Reste encore, pour les états généraux, à comparer toutes ces attentes avec les recommandations nationales et internationales déjà formulées, afin de dégager des « directions politiques » dans des cahiers de doléances. Ces derniers seront présentés le 14 novembre, lors d'une journée de débat, puis remis aux pouvoirs publics et aux candidats à l'élection présidentielle et les réponses rendues publiques.
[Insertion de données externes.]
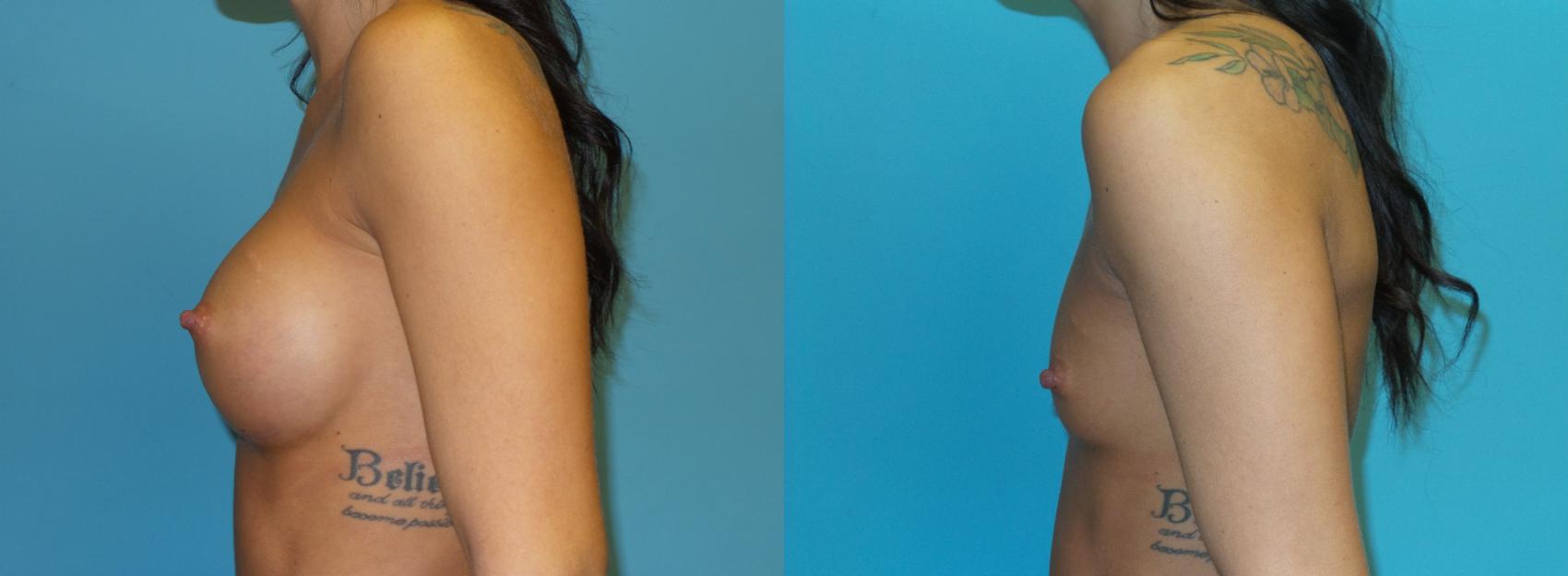 Before & After Breast Implant Removal with no Lift Case 48 Left Side View in Oklahoma City, Tulsa, Norman, OK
(1) Voir ASH n° 2446 du 10-03-06, p. 35. Contact :
(2) Le Conseil national des barreaux, la CGT-Pénitentiaire, Emmaüs France, la FNARS, la Fédération nationale des unions de jeunes avocats, La Ligue des droits de l'Homme, le Syndicat des avocats de France, le Syndicat de la magistrature, le Snepap-FSU, l'Union syndicale des magistrats, avec le soutien de la Croix-Rouge française.
(3) L'UGSP-CGT a, le 26 octobre, adressé un courrier au directeur de l'administration pénitentiaire pour lui demander de maintenir et de développer les effectifs d'agents recrutés sous contrat pour assurer les activités culturelles et formatives des détenus. Les services pénitentiaires d'insertion et de probation, qui manquent de personnels, n'ont plus les moyens d'assurer cette mission, estime le syndicat.